At clause 7.7 the parties acknowledged that the Purchaser had entered into the agreement on the basis of and in reliance upon the truth and accuracy of the Warranties—that is to say, the warranties set out in clause 7.1 and in schedule 3 (subject to the Disclosure Letter); and the Purchaser acknowledged that it had not been induced to enter into the agreement by any representation or warranty other than those warranties.

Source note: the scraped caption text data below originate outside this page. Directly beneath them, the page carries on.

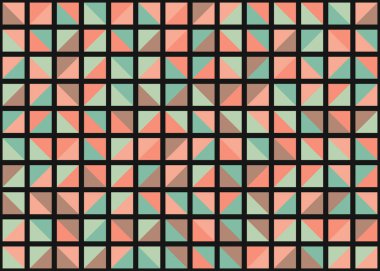 Soyut Geometrik Desen üretken hesaplama sanatı çizimi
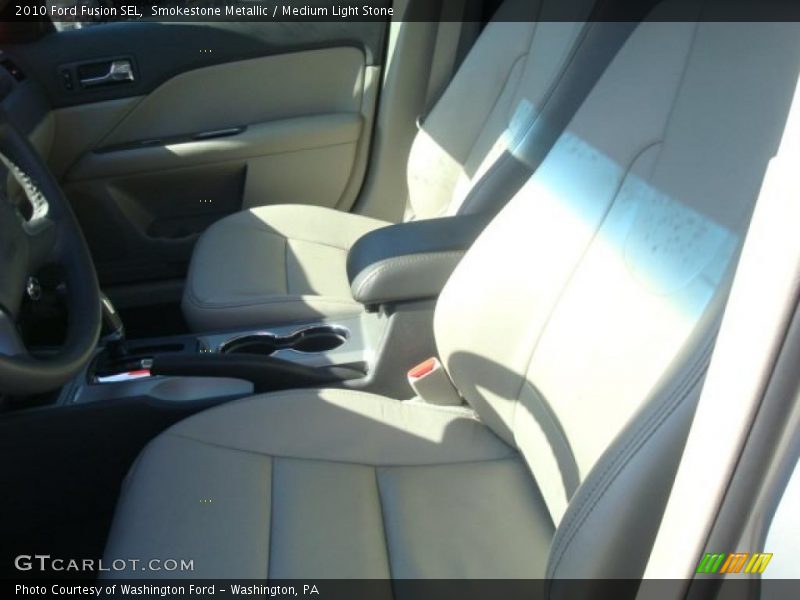 Smokestone Metallic / Medium Light Stone 2010 Ford Fusion SEL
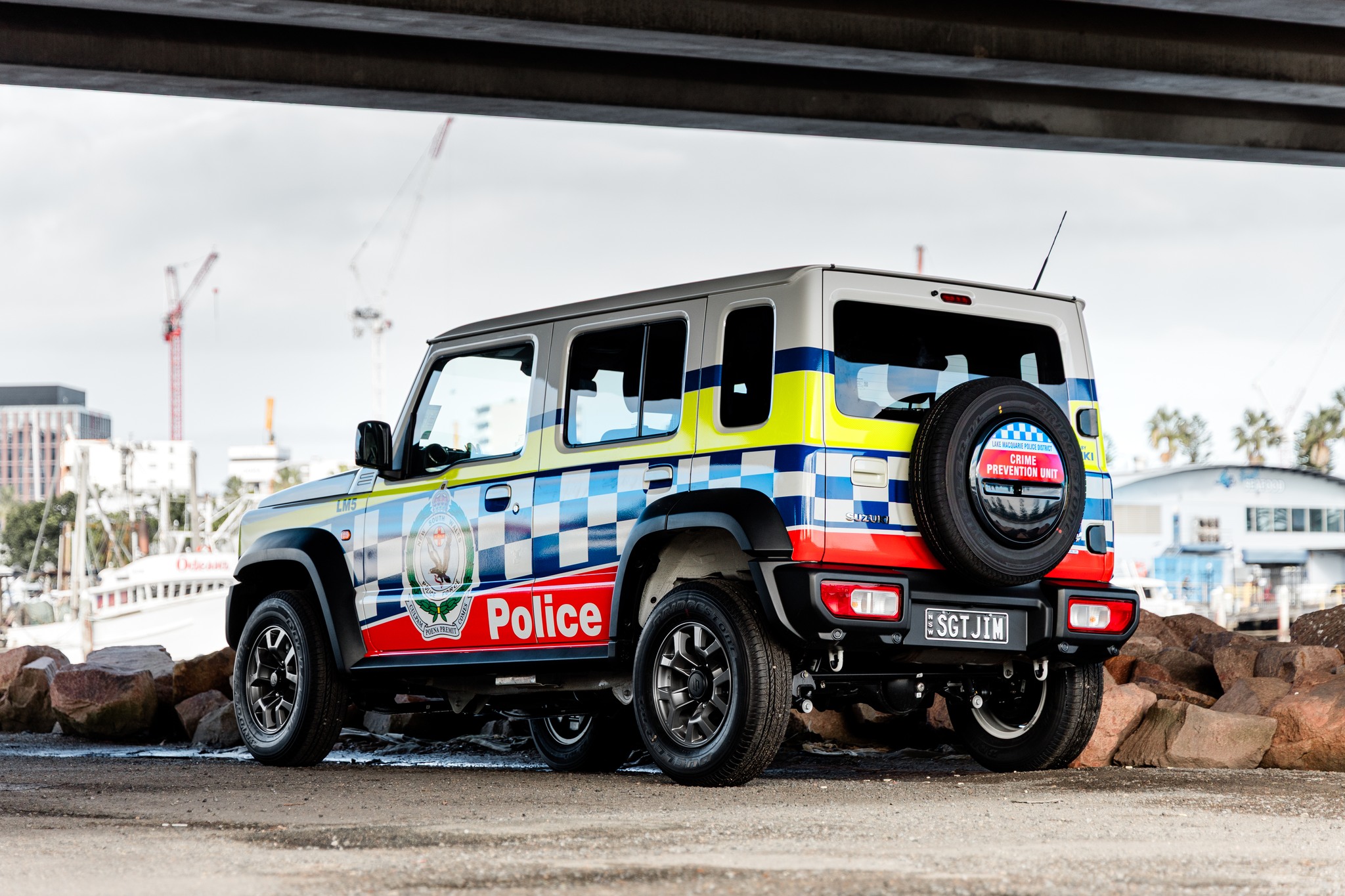 The Suzuki Jimny for Australia Packs The Familiar 1.5-Litre Naturally Aspirated Four-Cylinder Petrol Engine, Paired with a 4-Speed Torque Converter Suzuki Jimny Australian Police Force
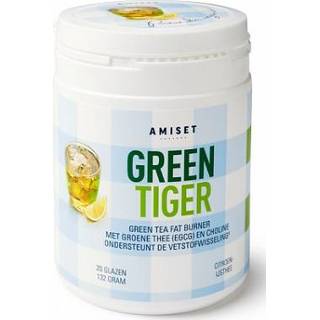 Amiset Tiger Tea Fat Burner donkergroen 30702 Donkergroen Amiset Green Tiger Tea Fat Burner 8715799307026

Clause 7.4 provided that the rights and remedies of the Purchaser in respect of any breach of the Warranties should not be affected by completion; and it went on to provide (so far as material) that the Purchaser's rights in respect of breach of warranty should not be affected:

"… by any investigation made by it or on its behalf into the affairs of any Group Company (except to the extent that such investigation gives the Purchaser actual knowledge of the relevant facts or circumstances) …"

The Disclosure Letter

9

The Disclosure Letter bears the same date as the agreement, 24 May 2001: it refers to the agreement "to be entered into today" and was addressed to Mea Corporation by the Vendor and Artisan UK. It includes both general and specific disclosure.

10

General disclosure is made in a paragraph which includes the following:

"This letter shall be deemed to include, and there are hereby incorporated into it by reference and generally disclosed, the following matters:

4. all matters from the documents and written information supplied by us to your reporting accountants, Pridie Brewster;

5. all matters contained or referred to in the following documents supplied by us to you in the green lever arch files

(b) Bickerton—board meeting packs for 30 th January 2001, 27 th February 2001 and 27 th March 2001

and from the board meeting pack[s] for Bickerton for 30 th April 2001 …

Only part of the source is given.